Your answer must consist solely of the lines from the one containing "A History of" through the last line of the records below, reproduced exactly, with all pictures omitted.

*** Material for the task

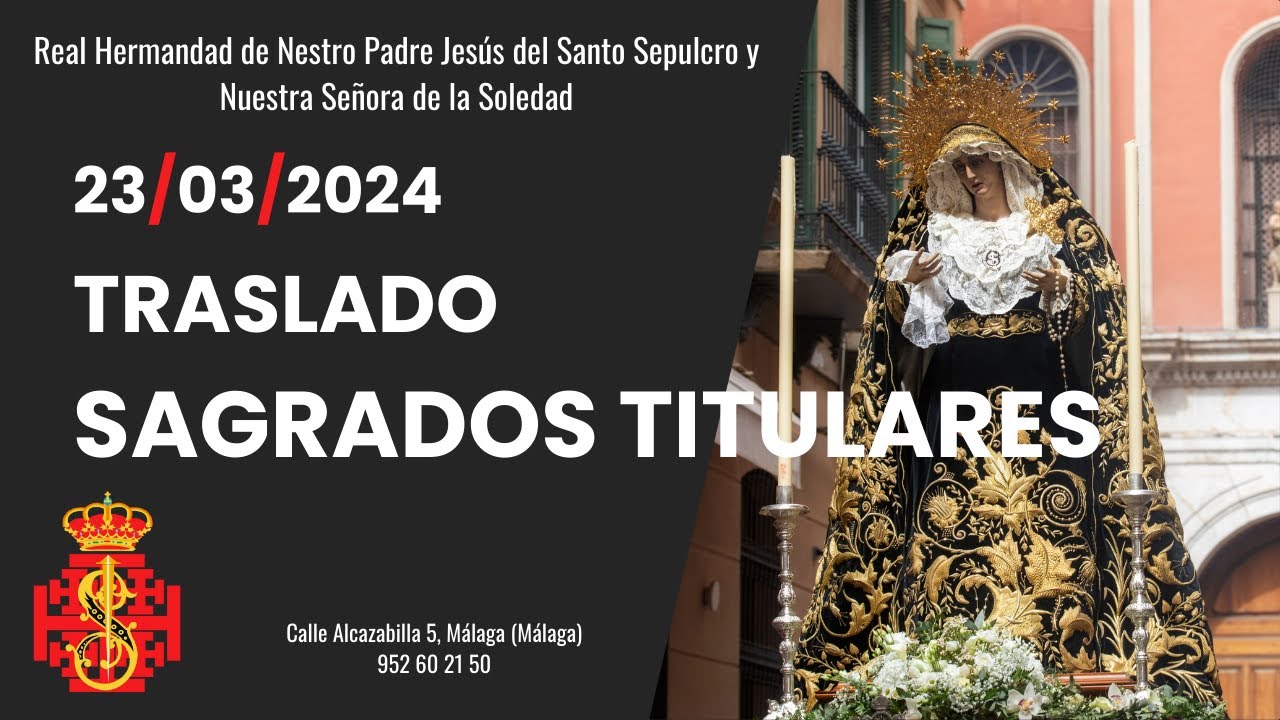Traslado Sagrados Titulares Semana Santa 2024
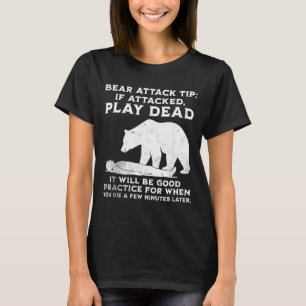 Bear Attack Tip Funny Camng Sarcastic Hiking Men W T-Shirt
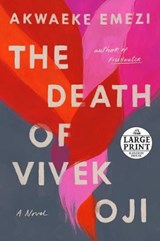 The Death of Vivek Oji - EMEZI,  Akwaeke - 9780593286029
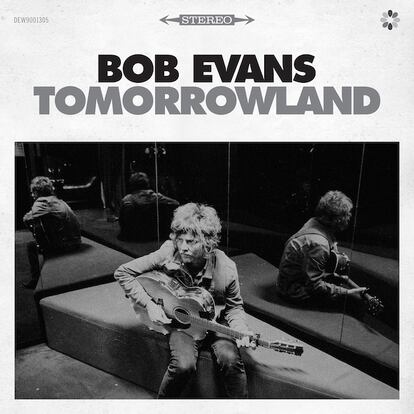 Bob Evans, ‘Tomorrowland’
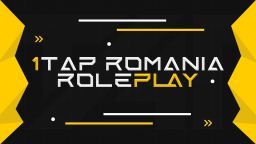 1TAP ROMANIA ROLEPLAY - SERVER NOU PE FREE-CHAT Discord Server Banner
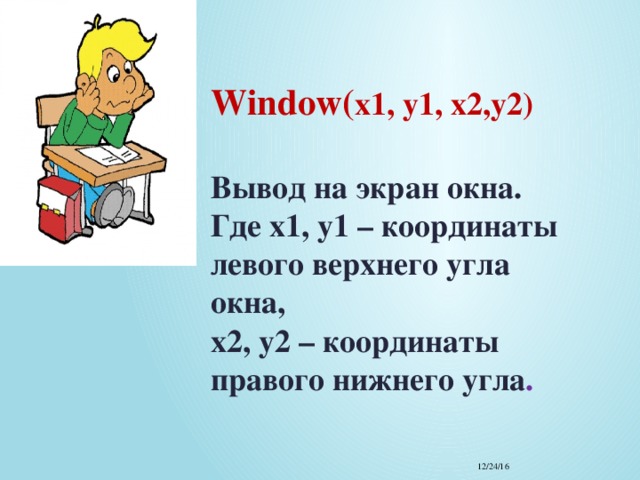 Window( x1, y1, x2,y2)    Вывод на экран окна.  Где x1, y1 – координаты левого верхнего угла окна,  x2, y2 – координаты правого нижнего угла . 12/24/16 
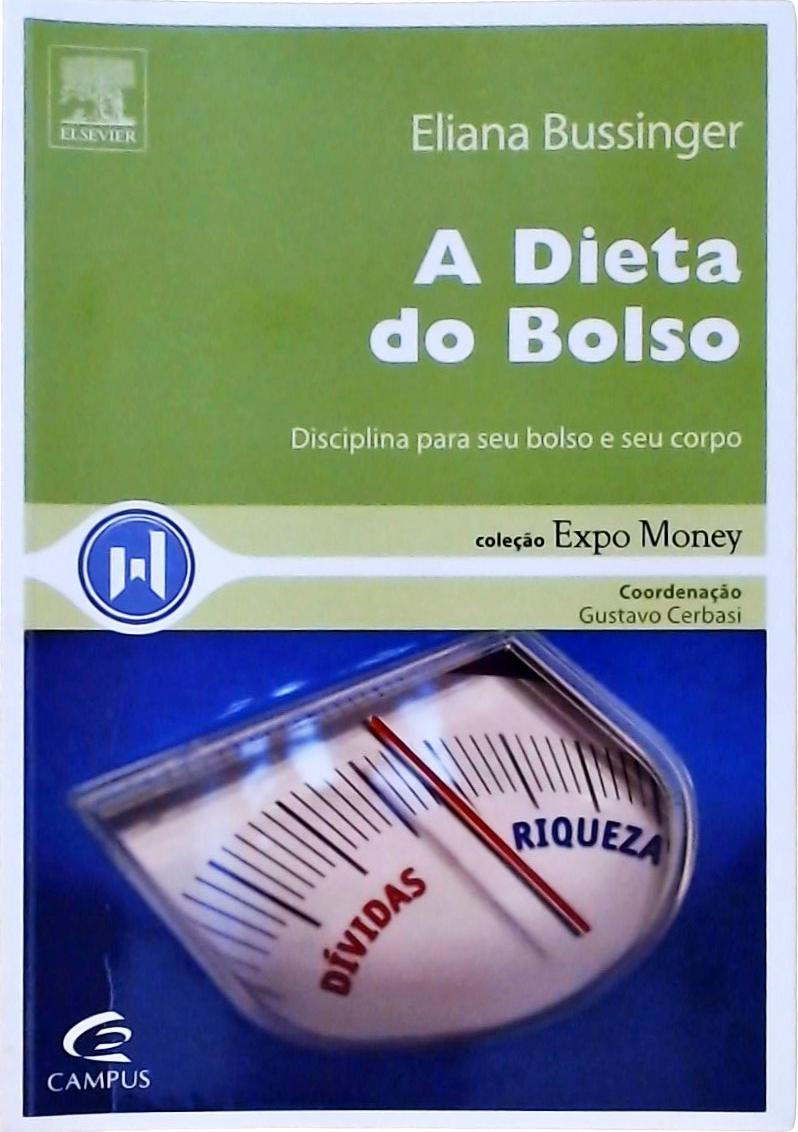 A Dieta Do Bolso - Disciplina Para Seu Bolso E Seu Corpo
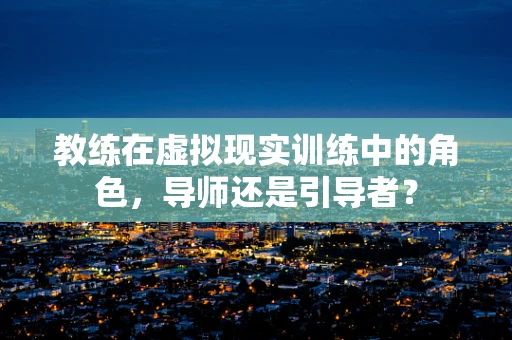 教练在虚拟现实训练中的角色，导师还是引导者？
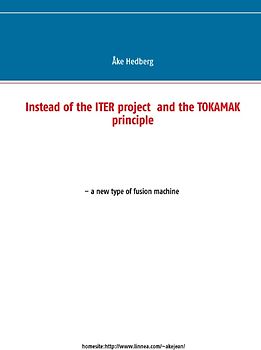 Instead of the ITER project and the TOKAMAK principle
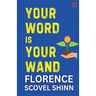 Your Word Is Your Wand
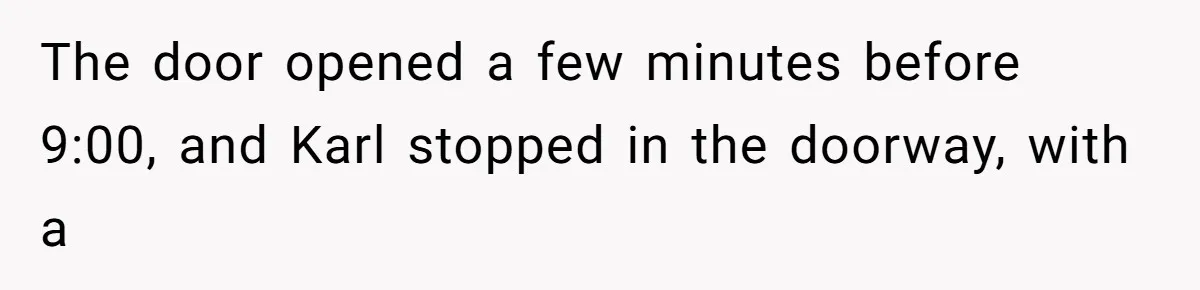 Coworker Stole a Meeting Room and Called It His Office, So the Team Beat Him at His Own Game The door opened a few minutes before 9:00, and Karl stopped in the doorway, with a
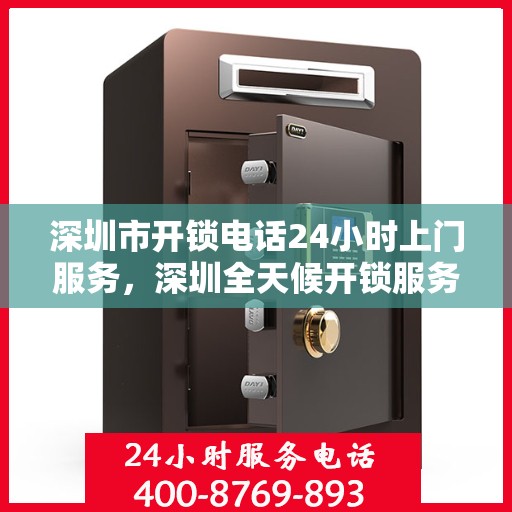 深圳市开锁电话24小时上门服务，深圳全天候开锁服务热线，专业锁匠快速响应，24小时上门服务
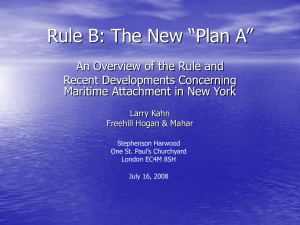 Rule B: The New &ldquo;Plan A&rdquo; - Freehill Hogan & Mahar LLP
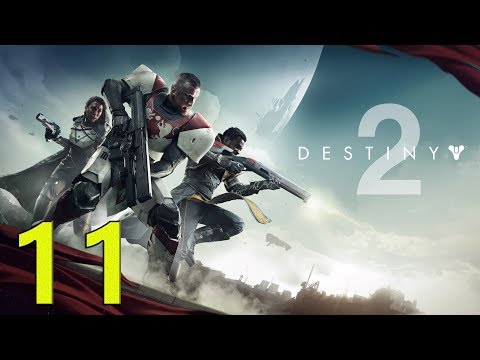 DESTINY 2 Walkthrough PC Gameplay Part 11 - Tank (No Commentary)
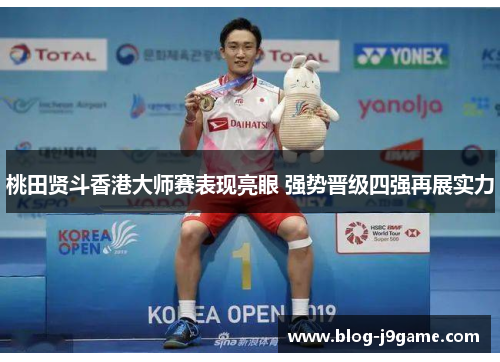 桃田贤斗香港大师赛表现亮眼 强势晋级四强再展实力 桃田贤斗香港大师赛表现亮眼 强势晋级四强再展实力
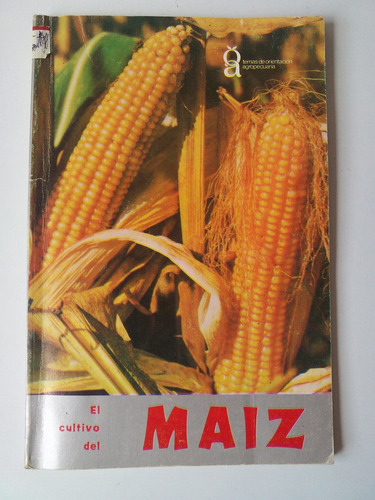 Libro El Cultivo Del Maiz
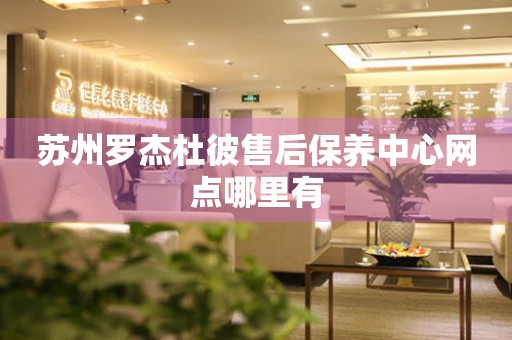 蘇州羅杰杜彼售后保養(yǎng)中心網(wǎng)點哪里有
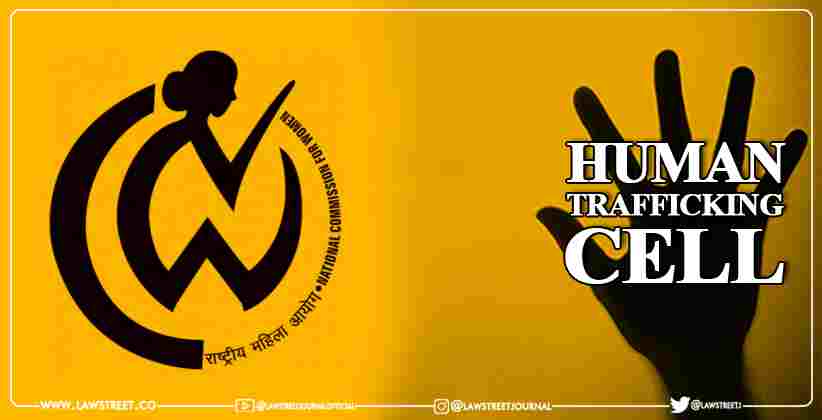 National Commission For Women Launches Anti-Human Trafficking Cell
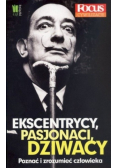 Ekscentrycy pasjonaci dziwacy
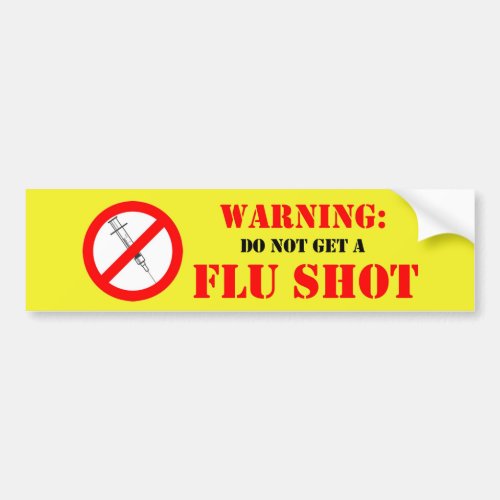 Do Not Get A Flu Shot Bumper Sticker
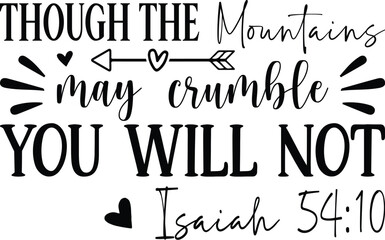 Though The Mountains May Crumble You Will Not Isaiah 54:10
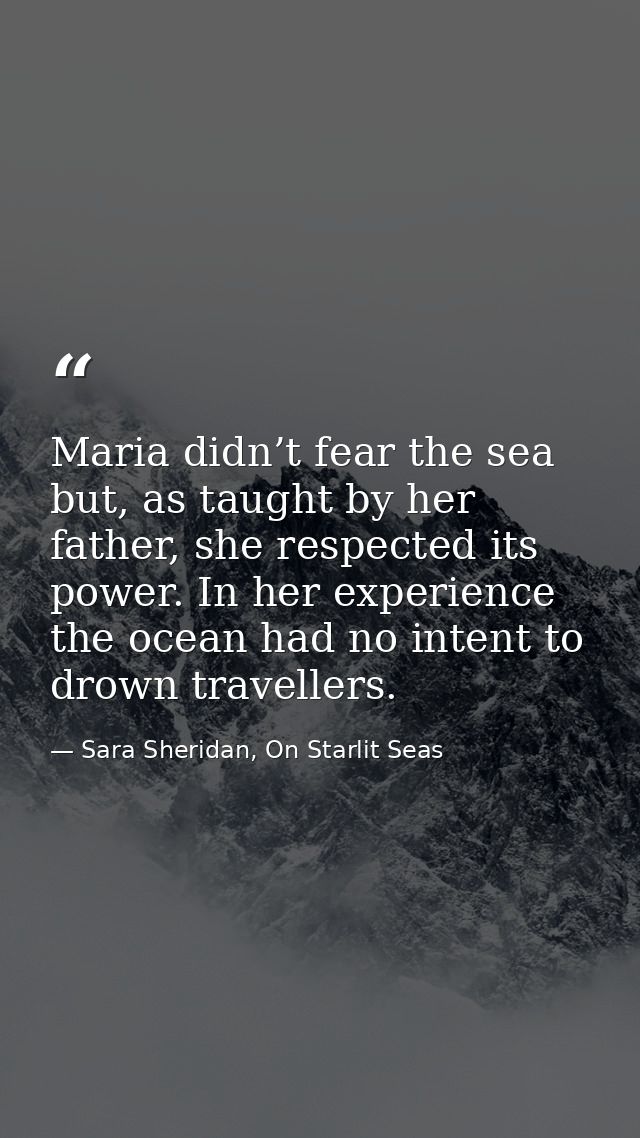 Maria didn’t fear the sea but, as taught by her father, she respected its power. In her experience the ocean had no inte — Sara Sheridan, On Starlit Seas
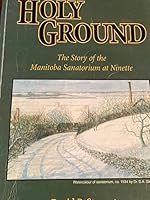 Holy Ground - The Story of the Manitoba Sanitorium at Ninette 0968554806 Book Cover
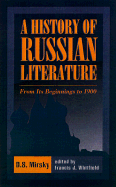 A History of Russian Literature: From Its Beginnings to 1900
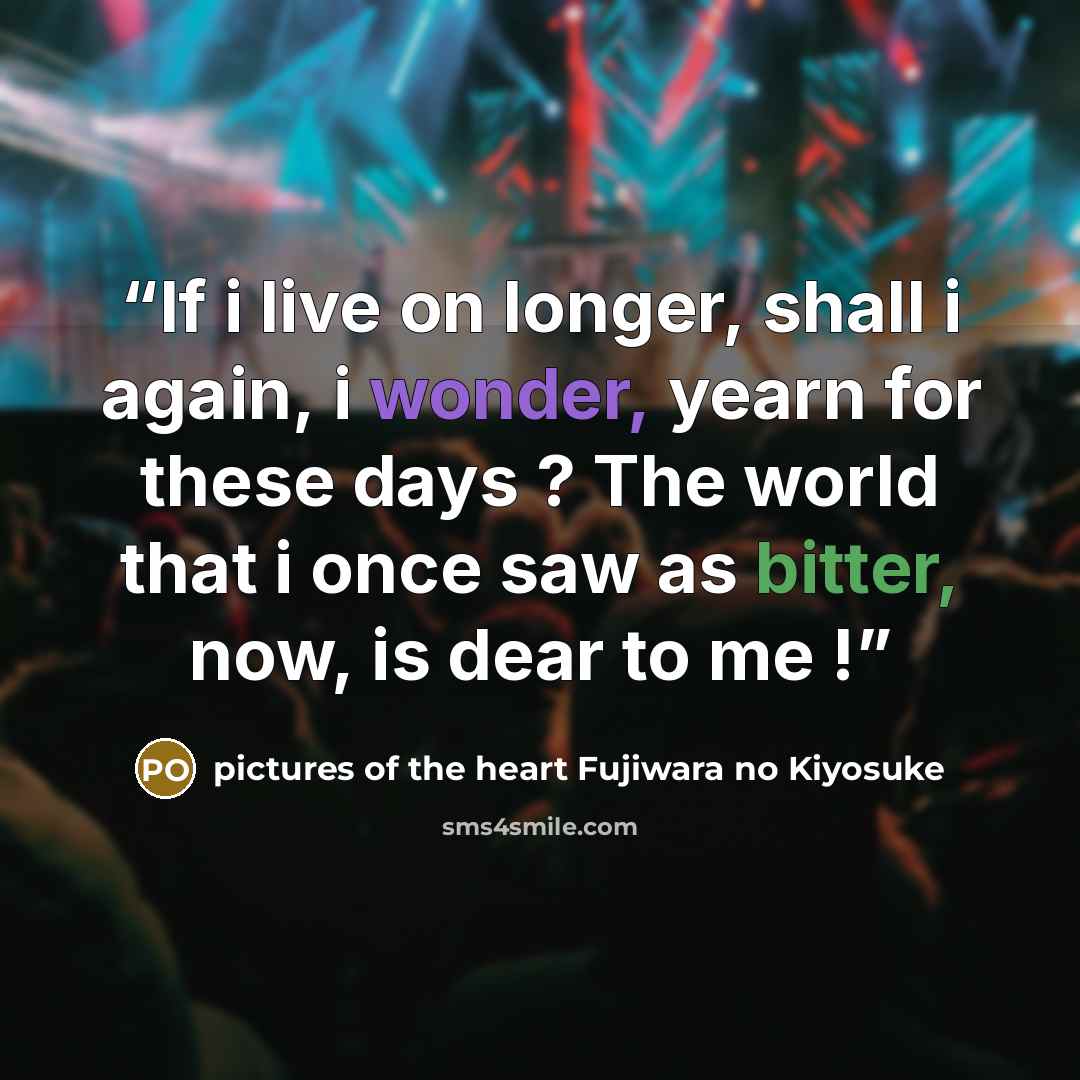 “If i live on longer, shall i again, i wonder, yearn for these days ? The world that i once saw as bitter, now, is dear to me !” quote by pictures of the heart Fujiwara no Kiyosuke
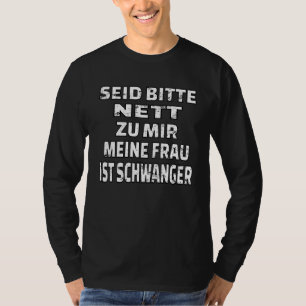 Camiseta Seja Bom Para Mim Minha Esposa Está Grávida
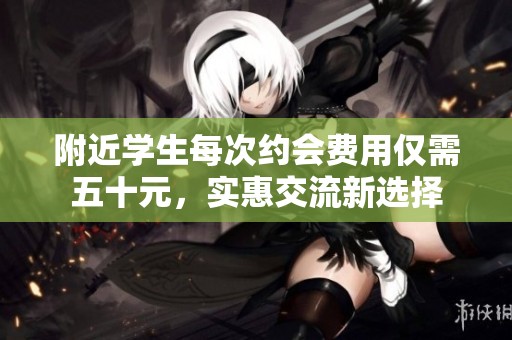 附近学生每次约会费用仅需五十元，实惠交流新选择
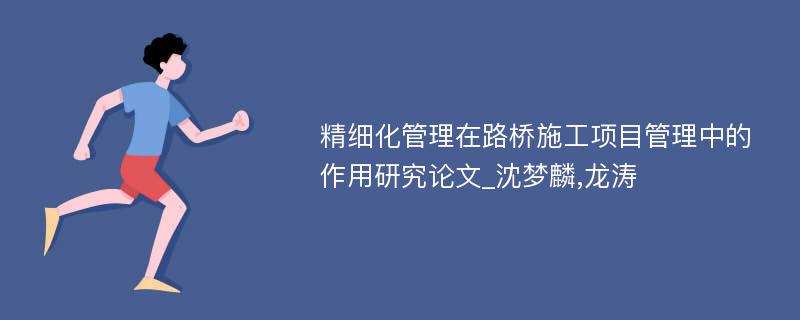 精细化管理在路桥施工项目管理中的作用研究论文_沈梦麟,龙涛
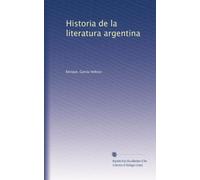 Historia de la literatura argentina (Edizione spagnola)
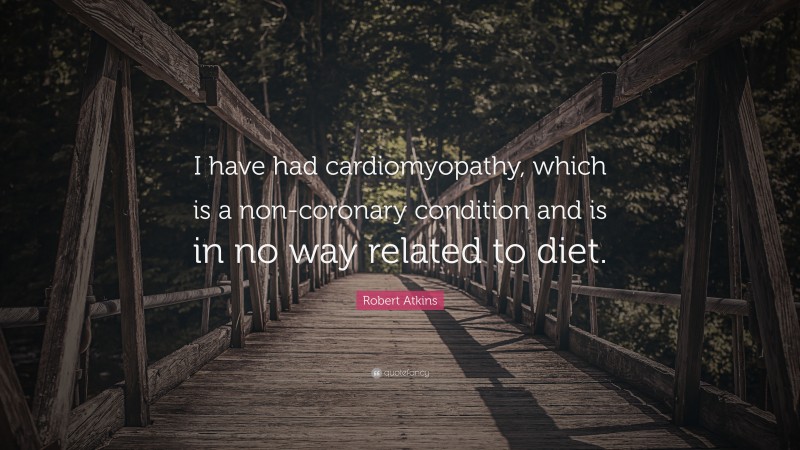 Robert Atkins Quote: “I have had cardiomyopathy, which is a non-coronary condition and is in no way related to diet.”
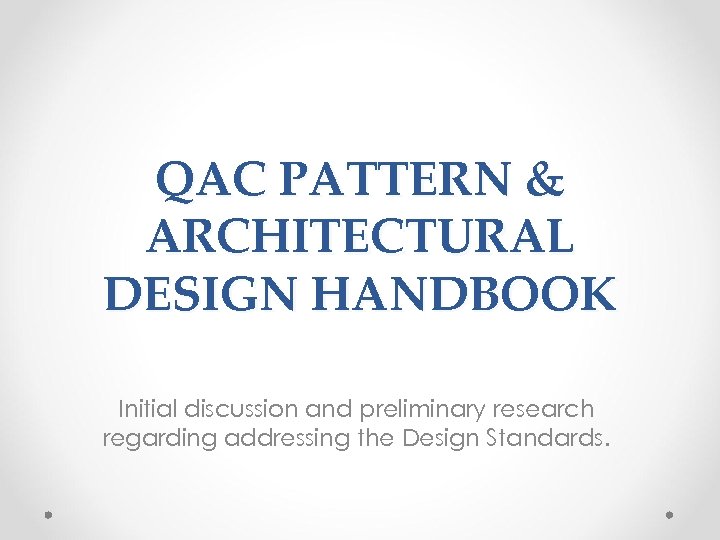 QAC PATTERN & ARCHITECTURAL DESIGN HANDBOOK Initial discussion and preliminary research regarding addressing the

******

**Written response**
 A History of Russian Literature: From Its Beginnings to 1900
 “If i live on longer, shall i again, i wonder, yearn for these days ? The world that i once saw as bitter, now, is dear to me !” quote by pictures of the heart Fujiwara no Kiyosuke
 Camiseta Seja Bom Para Mim Minha Esposa Está Grávida
 附近学生每次约会费用仅需五十元，实惠交流新选择
 精细化管理在路桥施工项目管理中的作用研究论文_沈梦麟,龙涛
 Historia de la literatura argentina (Edizione spagnola)
 Robert Atkins Quote: “I have had cardiomyopathy, which is a non-coronary condition and is in no way related to diet.”
 QAC PATTERN & ARCHITECTURAL DESIGN HANDBOOK Initial discussion and preliminary research regarding addressing the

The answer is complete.